The records:
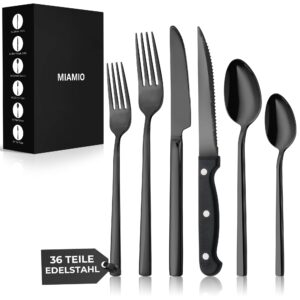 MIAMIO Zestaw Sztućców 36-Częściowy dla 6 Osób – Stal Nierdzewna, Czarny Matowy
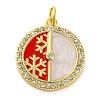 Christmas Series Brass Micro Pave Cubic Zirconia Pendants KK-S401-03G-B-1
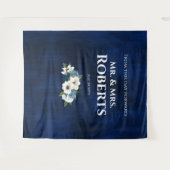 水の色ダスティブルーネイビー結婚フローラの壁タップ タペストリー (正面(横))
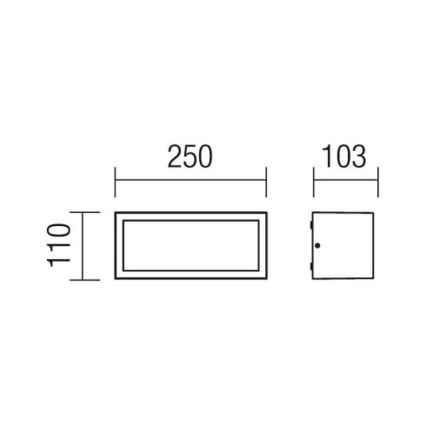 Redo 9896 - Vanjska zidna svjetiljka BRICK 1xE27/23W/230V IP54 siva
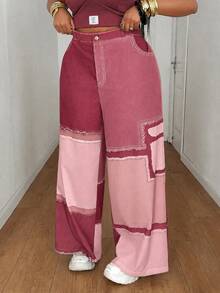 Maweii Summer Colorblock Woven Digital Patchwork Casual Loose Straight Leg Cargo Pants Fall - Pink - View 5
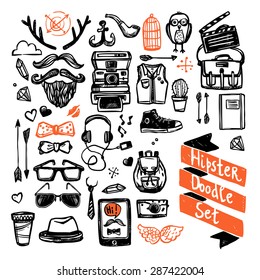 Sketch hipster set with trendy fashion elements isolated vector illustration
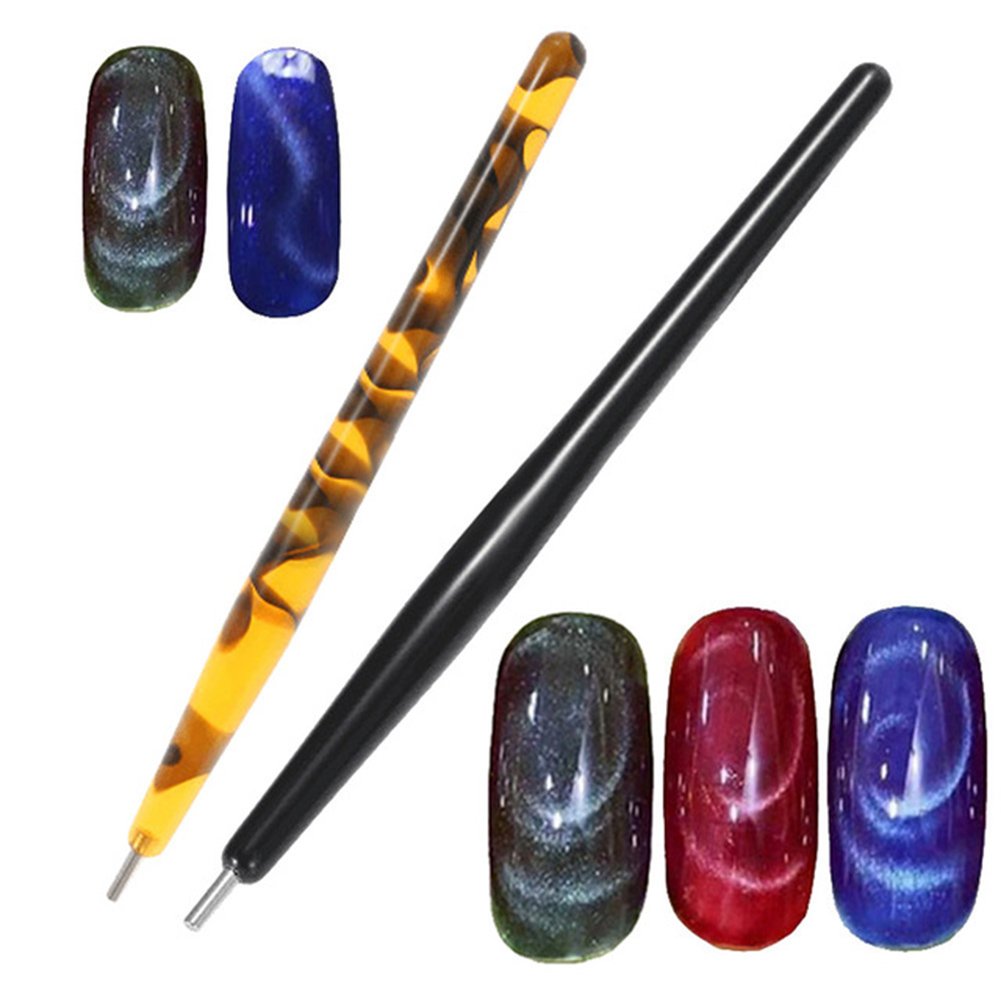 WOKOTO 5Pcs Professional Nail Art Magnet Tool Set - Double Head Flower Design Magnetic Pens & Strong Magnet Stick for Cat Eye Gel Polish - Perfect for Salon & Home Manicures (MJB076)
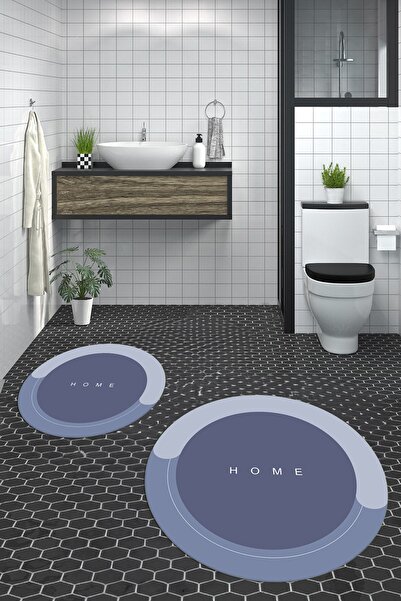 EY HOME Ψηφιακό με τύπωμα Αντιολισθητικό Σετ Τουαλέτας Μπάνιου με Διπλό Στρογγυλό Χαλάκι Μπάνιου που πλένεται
---
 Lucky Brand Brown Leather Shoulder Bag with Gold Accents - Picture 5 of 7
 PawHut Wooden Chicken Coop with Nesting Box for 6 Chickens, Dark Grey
--
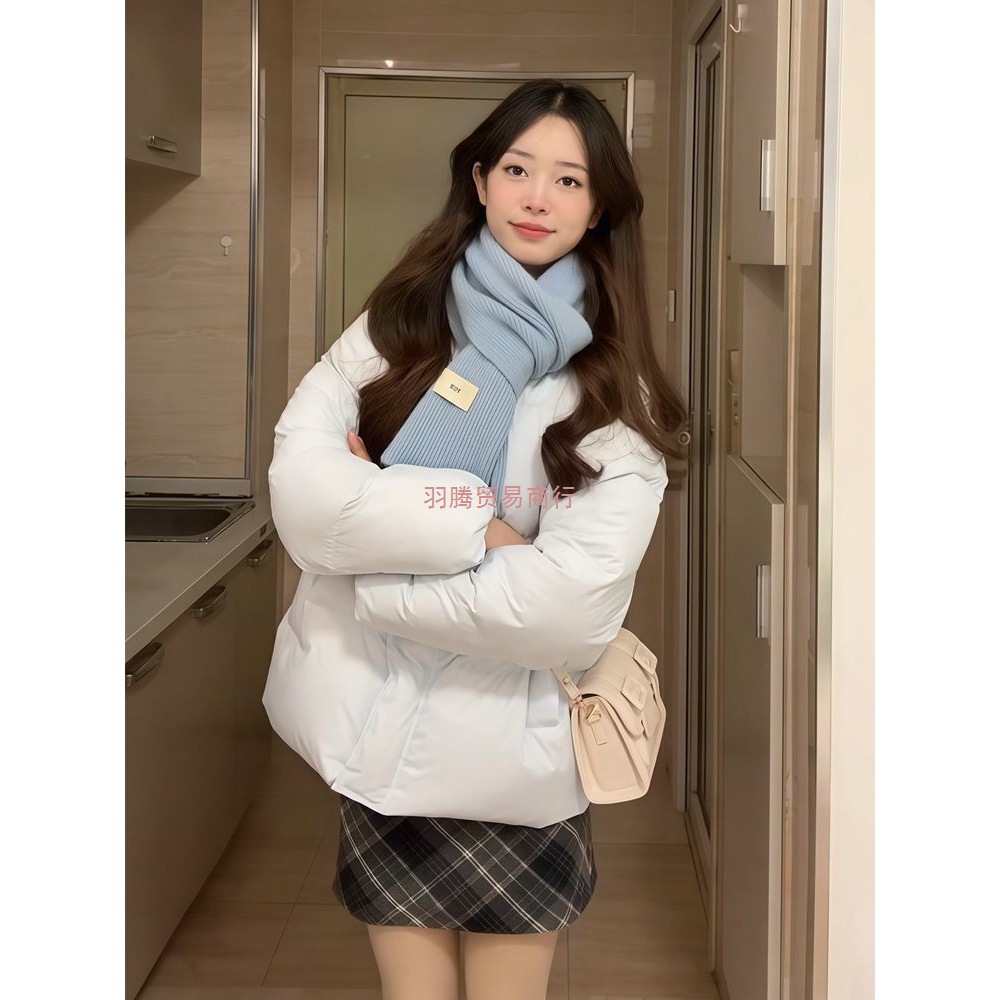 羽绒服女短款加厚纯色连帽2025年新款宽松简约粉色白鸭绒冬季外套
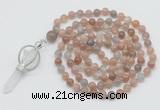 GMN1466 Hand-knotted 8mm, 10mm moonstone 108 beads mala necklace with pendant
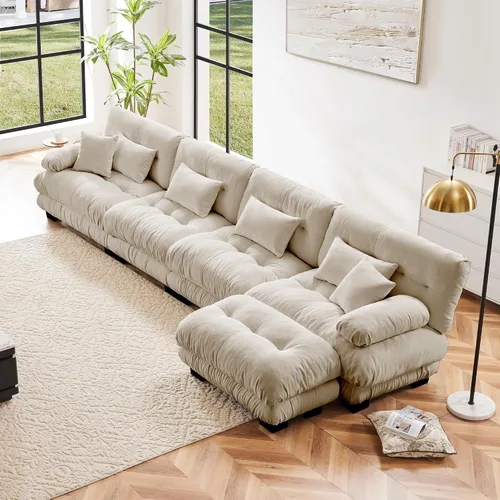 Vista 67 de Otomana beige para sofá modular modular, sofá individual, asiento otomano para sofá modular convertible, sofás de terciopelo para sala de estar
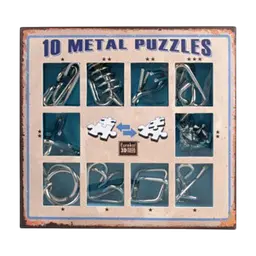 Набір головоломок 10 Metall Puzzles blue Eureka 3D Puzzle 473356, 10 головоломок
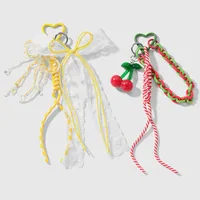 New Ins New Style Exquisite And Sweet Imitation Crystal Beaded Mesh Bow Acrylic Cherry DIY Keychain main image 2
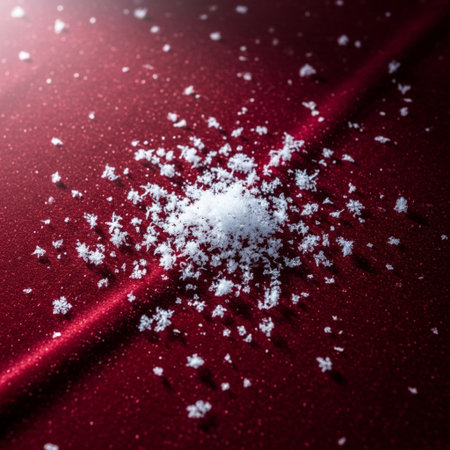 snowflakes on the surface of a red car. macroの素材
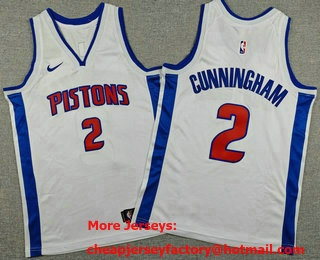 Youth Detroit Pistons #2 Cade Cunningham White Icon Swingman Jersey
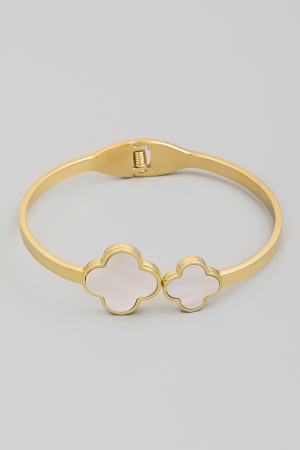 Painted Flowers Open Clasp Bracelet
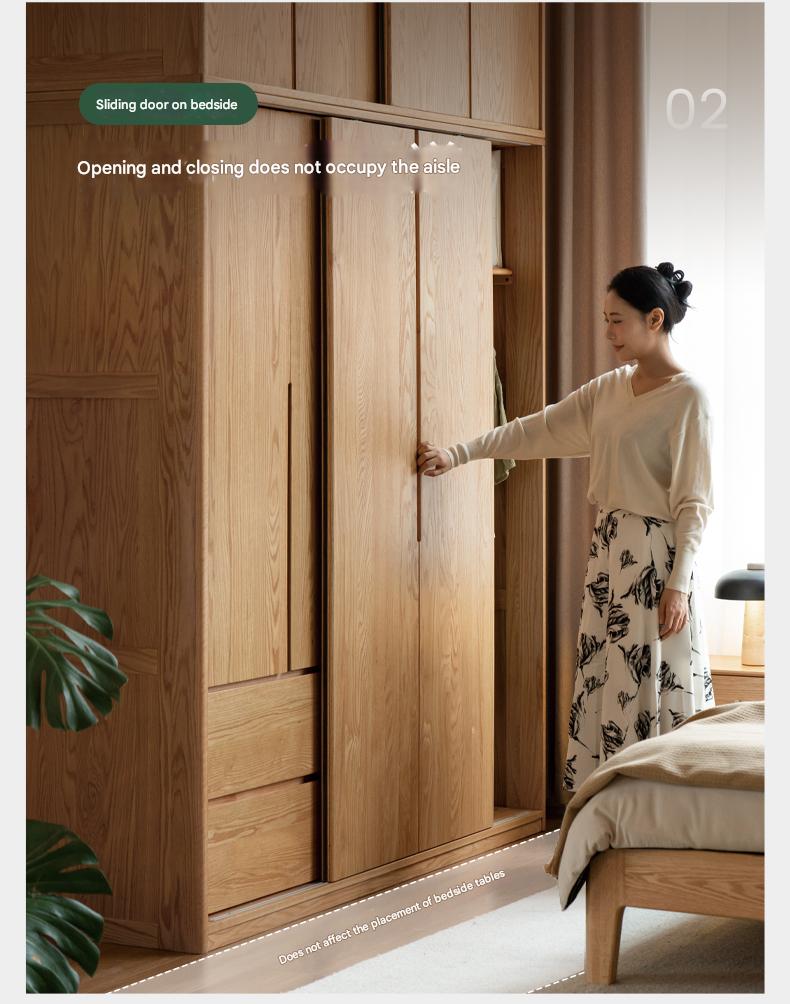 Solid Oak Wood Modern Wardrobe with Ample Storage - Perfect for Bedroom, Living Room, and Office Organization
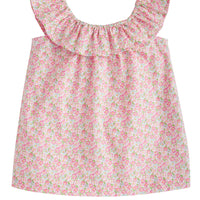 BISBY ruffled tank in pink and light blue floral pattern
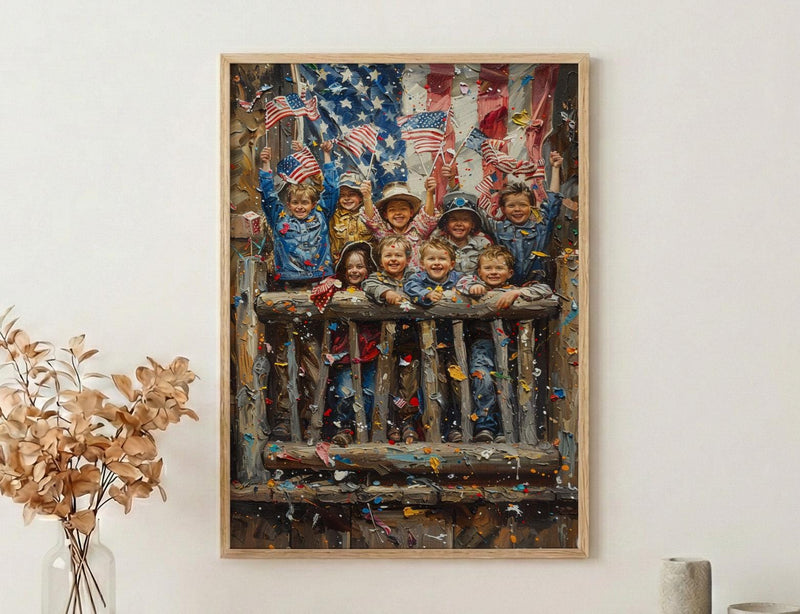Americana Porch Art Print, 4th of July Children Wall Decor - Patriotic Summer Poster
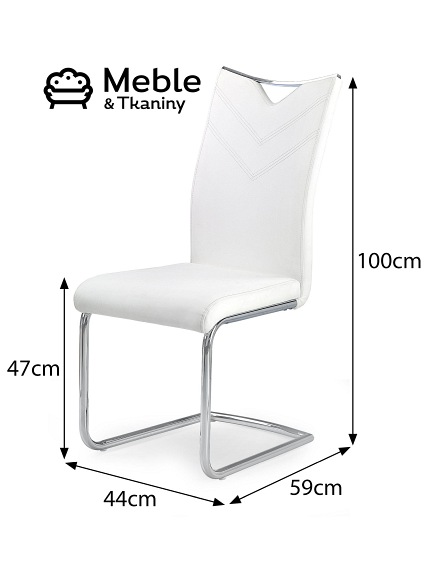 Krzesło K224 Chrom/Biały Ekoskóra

Problem to work on: Among the entries above, locate the line with "Maweii Summer Colorblock" and the line with "WOKOTO 5Pcs Professional". Give those two lines and all lines between them again, exactly, leaving out the pictures.

Exercise result:
 Maweii Summer Colorblock Woven Digital Patchwork Casual Loose Straight Leg Cargo Pants Fall - Pink - View 5
 Sketch hipster set with trendy fashion elements isolated vector illustration
 WOKOTO 5Pcs Professional Nail Art Magnet Tool Set - Double Head Flower Design Magnetic Pens & Strong Magnet Stick for Cat Eye Gel Polish - Perfect for Salon & Home Manicures (MJB076)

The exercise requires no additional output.